WRNC-LP
- Ashland, Wisconsin; United States;
- Frequency: 97.7 MHz (FM)

Programming
- Format: Freeform; college radio;
- Affiliations: Pacifica Radio

Ownership
- Owner: Northland College

History
- First air date: May 2005
- Last air date: May 23, 2017
- Call sign meaning: "We Are Northland College"

Technical information
- Licensing authority: FCC
- Facility ID: 131525
- Class: L1
- ERP: 100 watts
- HAAT: 21 meters (69 ft)

Links
- Public license information: LMS

= WRNC-LP =

WRNC-LP was a student-owned, freeform radio station on 97.7 MHz, and served the Chequamegon Bay area from the campus of Northland College in Ashland, Wisconsin.

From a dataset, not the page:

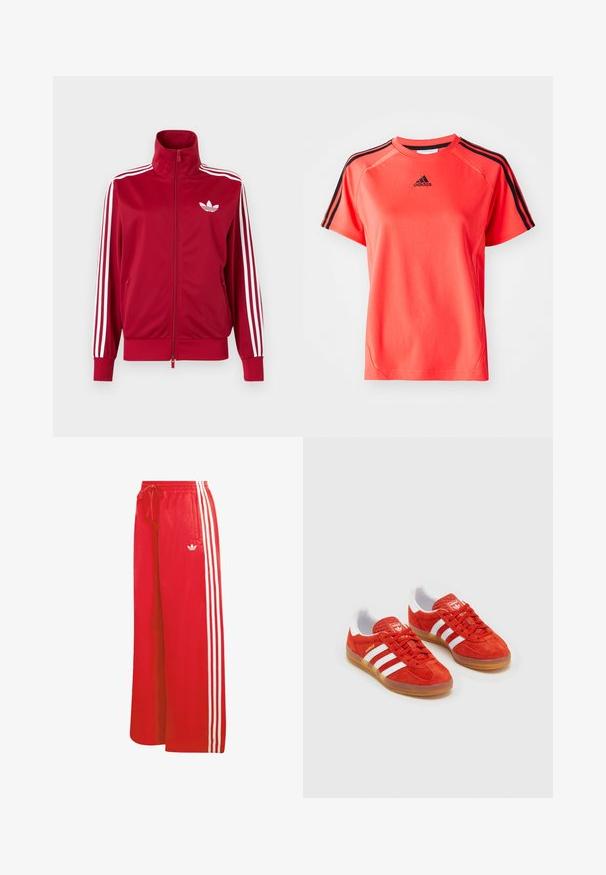 Rote Trainingsjacke mit weißen Drei-Streifen-Details an den Ärmeln, durchgehendem Frontreißverschluss, hohem Kragen und weißem Adidas-Trefoil-Logo auf der Brust.; Kurze Ärmel, leuchtend korallfarbendes Sport-T-Shirt aus leichtem Stoff. Mit schwarzem Adidas-Logo und drei schwarzen Streifen auf jeder Schulter.; Rote Sporthose aus leichtem Material, mit weitem Bein, elastischem Bund, Kordelzug und drei weißen Streifen auf jeder Seite.; Rote Wildleder-Sneaker mit weißen Streifen, Gummi-Sohle, gepolstertem Kragen und Logo auf der Zunge. Klassisches Design mit strukturiertem Obermaterial.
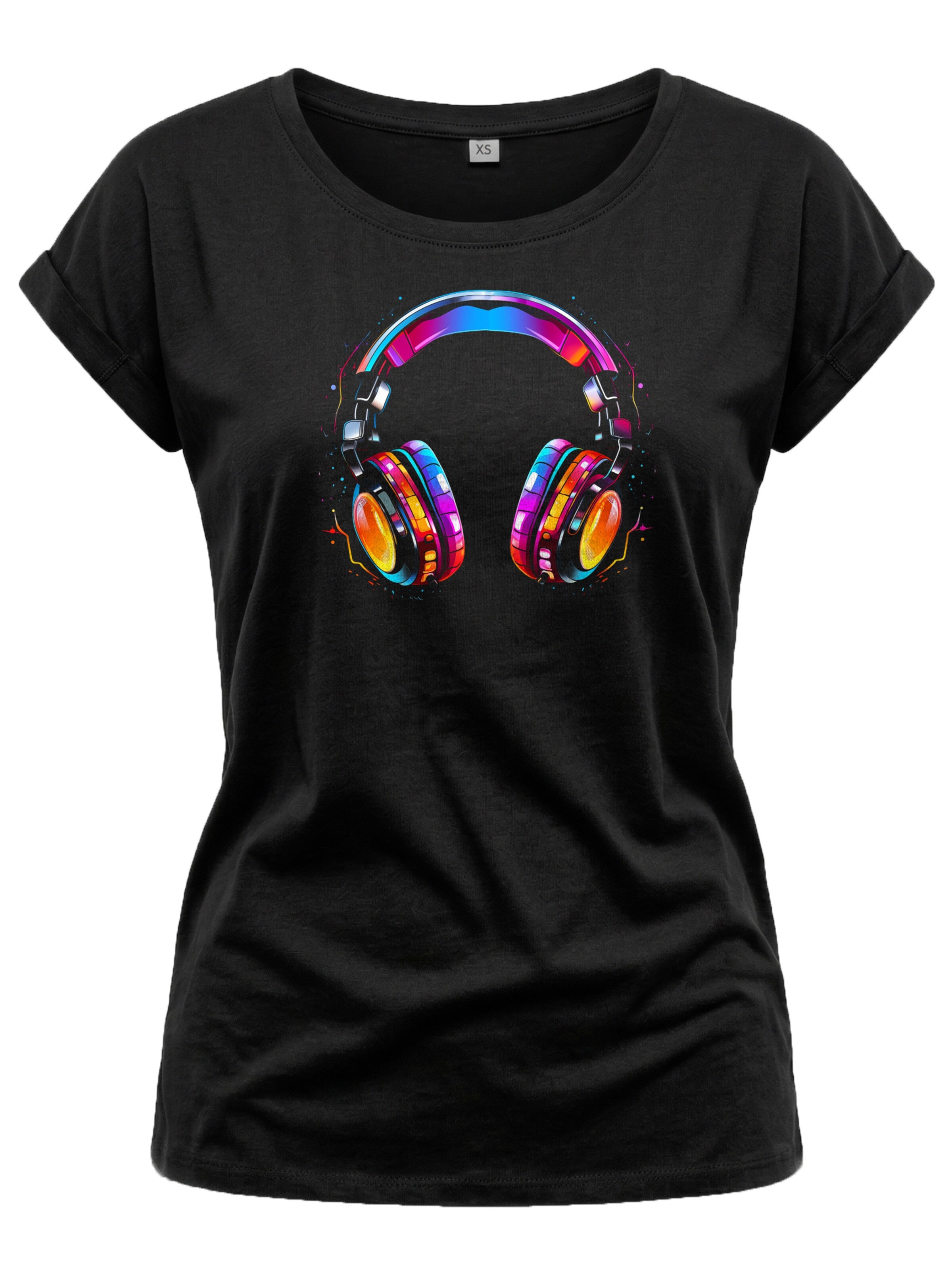 MAKAYA Shirt 'Kopfhörer Bunt' in Black: front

WRNC began in 1995 as a student initiative initially began broadcasting in 1998 at 25 milliwatts. Soon after the station began broadcasting, student organizers discovered that licensing paperwork had never been filed with the Federal Communications Commission (FCC), which led to an end of broadcasting for the new station.

In 2001, an LPFM tower construction permit was drafted and filed with the FCC. In 2003, Northland College was granted a 100-watt, low-power frequency to begin broadcasting in December of that year.

WRNC-LP, in its latest incarnation, began broadcasting in May 2005. The station featured a variety of programming and operated 24 hours a day. The station also webcast its programming via its website.

WRNC-LP ceased operations on or about May 23, 2017. The closure of the radio station was due to budget cutbacks, at a time when the college was attempting to find solutions to a severe budget shortfall. Its license expired December 1, 2020.